Any regular reader of FTVLive knows I’m not a fan of Facebook.

Stations work and run contest to get viewers to “Like” their page on Facebook and then brag about how many people do.

The problem? The TV stations don’t own Facebook and are basically trying to get viewers to spend more time a a website that they don’t own.

I always thought that TV stations should be spending that time and money to bring viewers to their website and not one owned by Mark Zuckerberg.

Many newspapers have gone out of business or are close to do so and you can point to sites like Facebook, Google and other big tech companies as one of the reasons for that.

But, that might soon be changing.

The NY Times reports that Australian regulators see as the cause of local journalism’s demise — the near monopolistic power of Google and Facebook. And it has set off a chain of events that could shift the balance of power between big tech and the news at a dire moment for journalism.

“Global tech companies are not beyond national laws, especially when there is so much at stake,” Rod Sims, the chairman of the Australian Competition and Consumer Commission.

Sims and a like-minded regulator in France, Isabelle de Silva, are challenging a universally accepted fact of the internet: that Google and Facebook can carry content created by news organizations without directly paying the organizations for creating it. Last month, as the coronavirus put hundreds of publishers out of business around the world, the Australian government instructed Mr. Sims to force the platforms to negotiate payments with newspaper publishers — making it the first country to do so.
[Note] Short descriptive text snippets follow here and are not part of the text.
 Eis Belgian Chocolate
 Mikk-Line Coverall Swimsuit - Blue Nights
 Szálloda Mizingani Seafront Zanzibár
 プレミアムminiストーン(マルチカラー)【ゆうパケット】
In France regulators are demanding that Google cut a deal to pay publishers, the pandemic crisis has added “all the more urgency,” said de Silva, the president of the French Competition Authority, which is enforcing a European Commission change to copyright law that will soon take effect across the continent.

In this dire moment, the news business is starting to win some political battles. The platforms have begun to realize that while news isn’t as popular as baby pictures or celebrities, it’s the industry politicians care about most.

The politicians who matter, at least, who are less and less to be found here in the United States.